Exercise materials>
+ + + + +

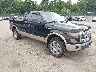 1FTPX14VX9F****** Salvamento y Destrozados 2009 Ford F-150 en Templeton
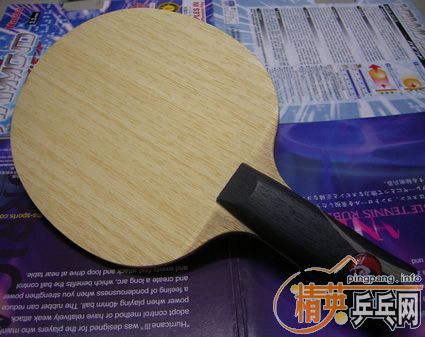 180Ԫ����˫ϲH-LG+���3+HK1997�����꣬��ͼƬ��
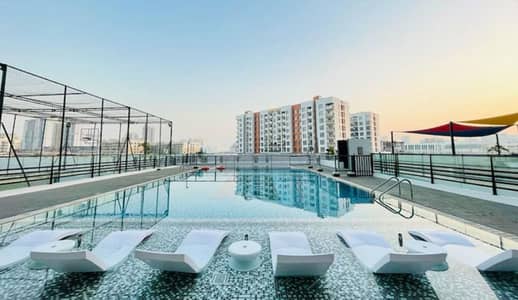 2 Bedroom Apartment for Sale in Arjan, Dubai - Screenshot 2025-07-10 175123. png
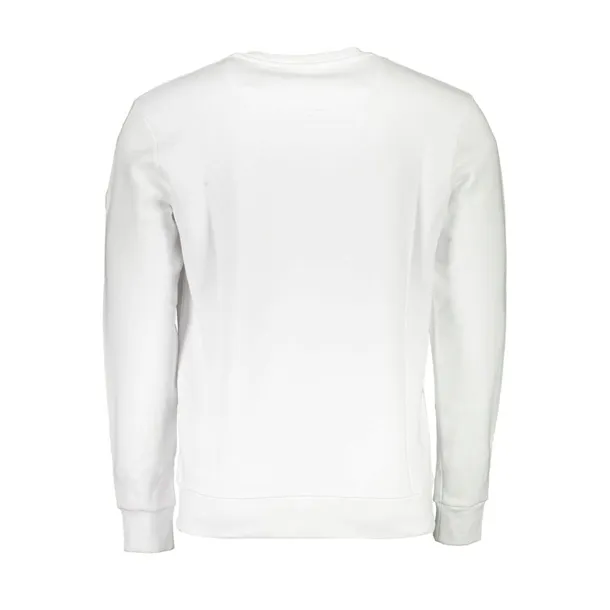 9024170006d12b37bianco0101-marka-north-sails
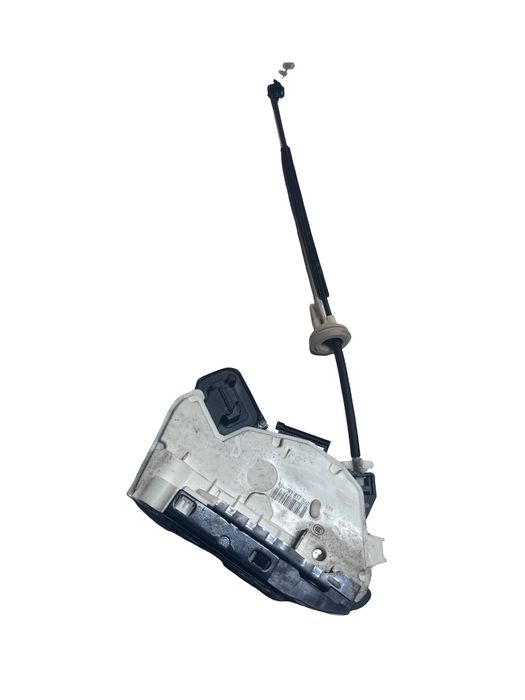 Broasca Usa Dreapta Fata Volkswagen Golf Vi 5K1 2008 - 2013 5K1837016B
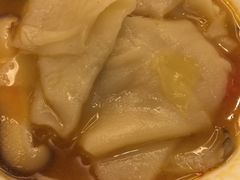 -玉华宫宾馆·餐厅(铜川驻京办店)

+ + + + +

Required action> Transcribe all the records above word for word, without their images.

Task solution>
 1FTPX14VX9F****** Salvamento y Destrozados 2009 Ford F-150 en Templeton
 180Ԫ����˫ϲH-LG+���3+HK1997�����꣬��ͼƬ��
 2 Bedroom Apartment for Sale in Arjan, Dubai - Screenshot 2025-07-10 175123. png
 9024170006d12b37bianco0101-marka-north-sails
 Broasca Usa Dreapta Fata Volkswagen Golf Vi 5K1 2008 - 2013 5K1837016B
 -玉华宫宾馆·餐厅(铜川驻京办店)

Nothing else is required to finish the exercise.